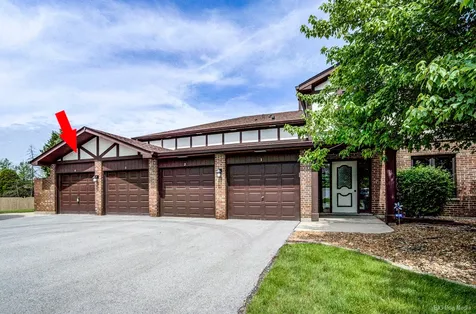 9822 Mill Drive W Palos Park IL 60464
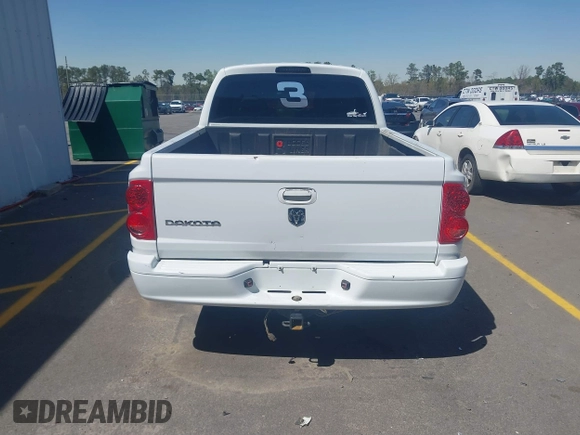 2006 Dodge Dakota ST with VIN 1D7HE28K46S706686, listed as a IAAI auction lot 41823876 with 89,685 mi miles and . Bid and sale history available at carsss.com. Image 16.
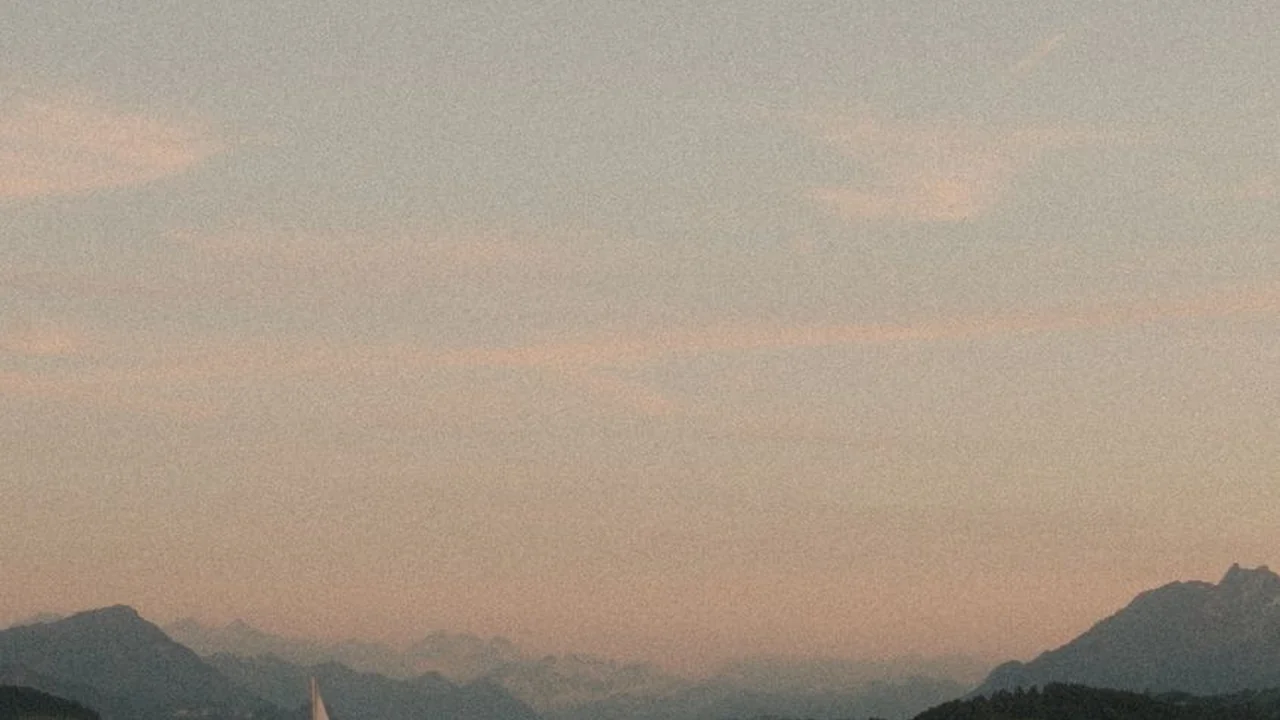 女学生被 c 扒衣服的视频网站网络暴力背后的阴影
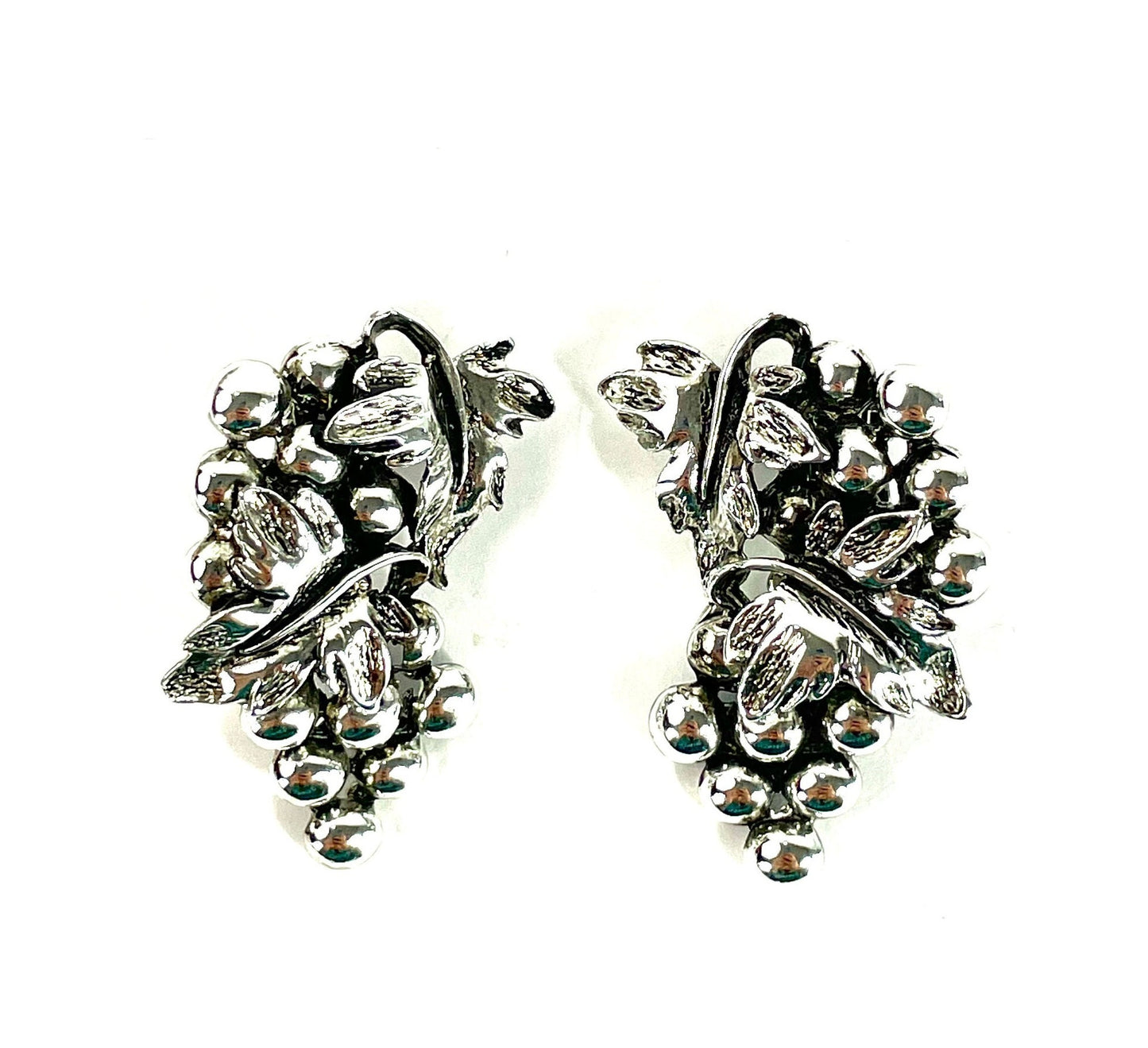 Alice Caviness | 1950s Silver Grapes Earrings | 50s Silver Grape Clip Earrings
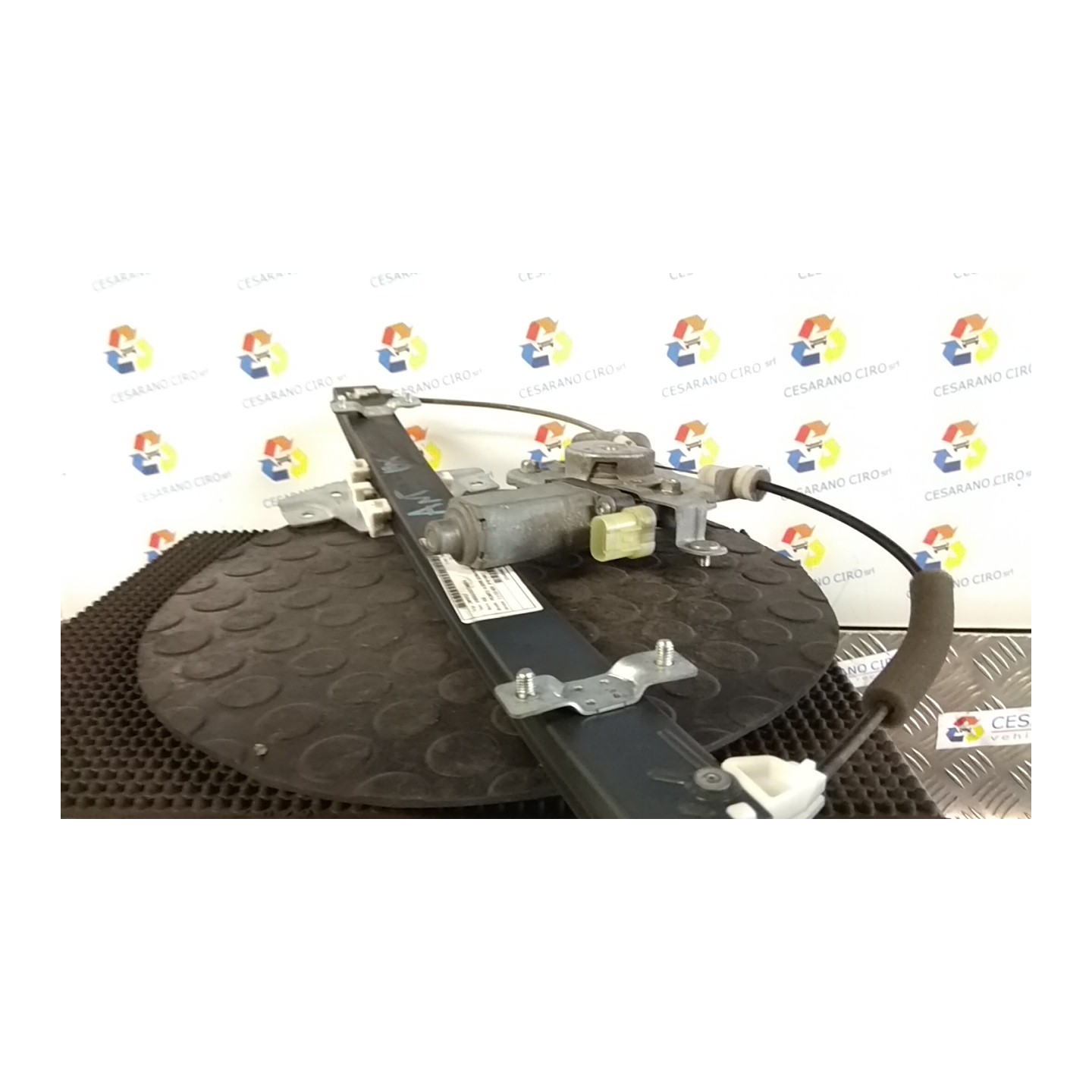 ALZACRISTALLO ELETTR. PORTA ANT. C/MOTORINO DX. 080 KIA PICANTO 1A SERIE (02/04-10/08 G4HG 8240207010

────────────────

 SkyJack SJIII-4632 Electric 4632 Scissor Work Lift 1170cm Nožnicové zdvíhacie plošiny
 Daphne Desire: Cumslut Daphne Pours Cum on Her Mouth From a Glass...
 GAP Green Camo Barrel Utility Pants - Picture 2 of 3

────────────────

Problem statement - Word for word, repeat the lines above from the one with "Alice Caviness |" through the one with "ALZACRISTALLO ELETTR. PORTA", and nothing beyond them. Omit the pictures.

Completed exercise -
 Alice Caviness | 1950s Silver Grapes Earrings | 50s Silver Grape Clip Earrings
 ALZACRISTALLO ELETTR. PORTA ANT. C/MOTORINO DX. 080 KIA PICANTO 1A SERIE (02/04-10/08 G4HG 8240207010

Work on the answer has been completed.